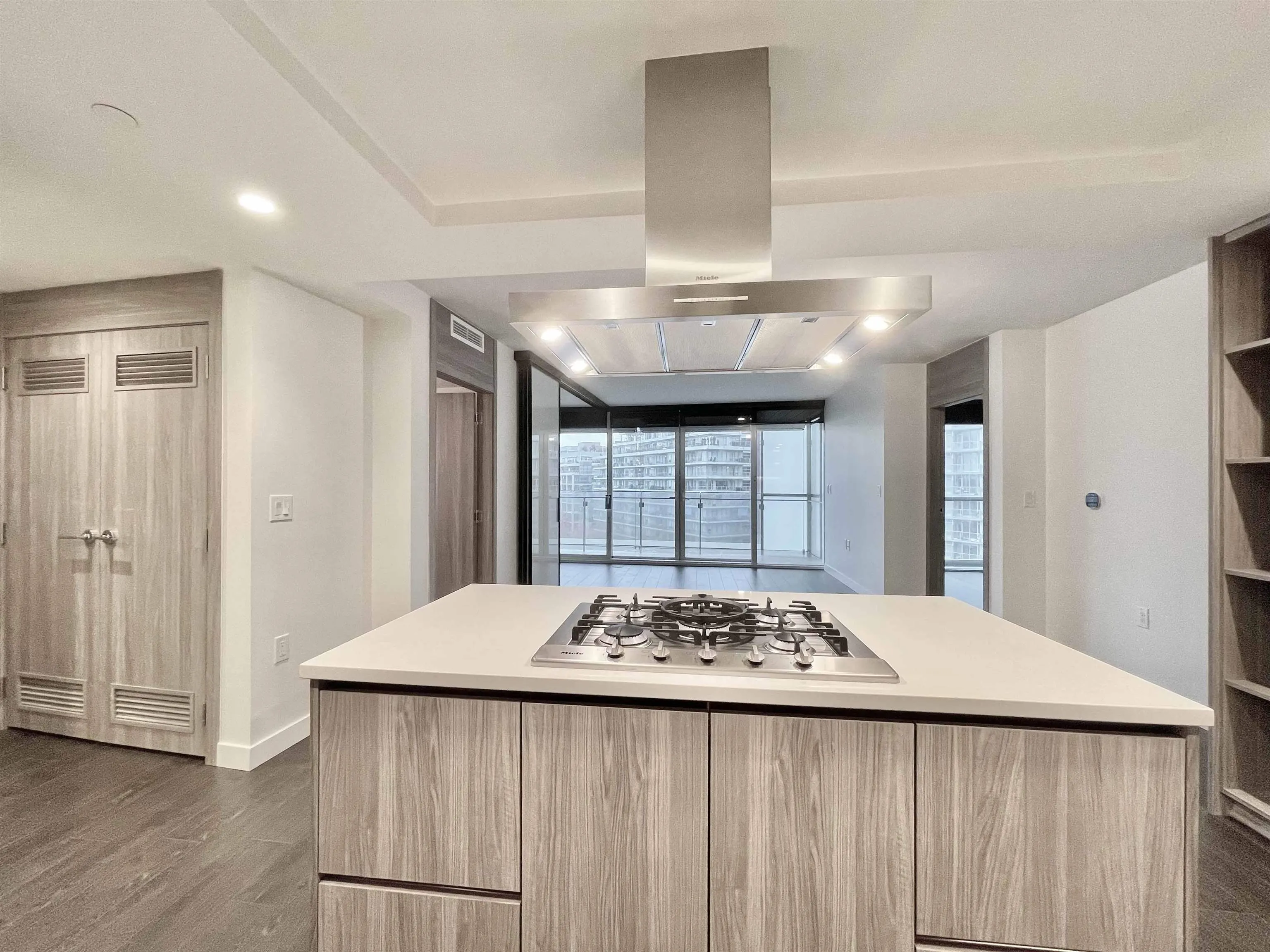 1768 Cook Street #909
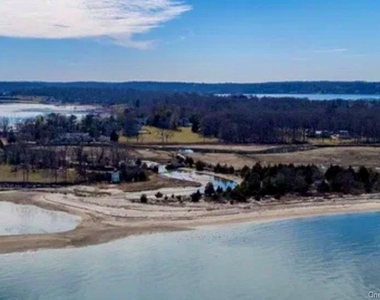 224 Centre Island Road - Photo Thumbnail 1
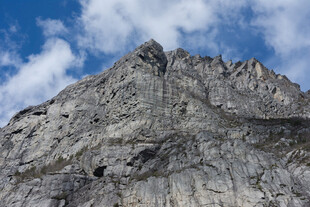巍峨山峰与蓝天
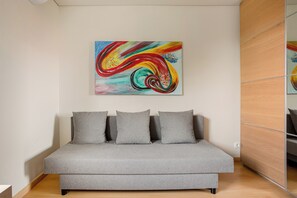 Basic Apartment, 1 Double Bed with Sofa bed, Non Smoking | Individually decorated, free WiFi, bed sheets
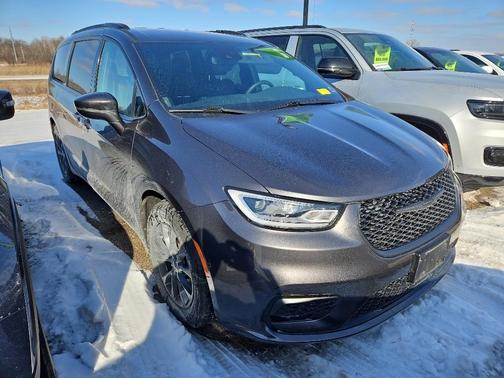 2022 Chrysler Pacifica Touring-L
+===+
> Problem to work on
Could you set down word for word each line from the one holding "Basic Apartment, 1" through the end of the material above, without any pictures?

> Task answer
 Basic Apartment, 1 Double Bed with Sofa bed, Non Smoking | Individually decorated, free WiFi, bed sheets
 2022 Chrysler Pacifica Touring-L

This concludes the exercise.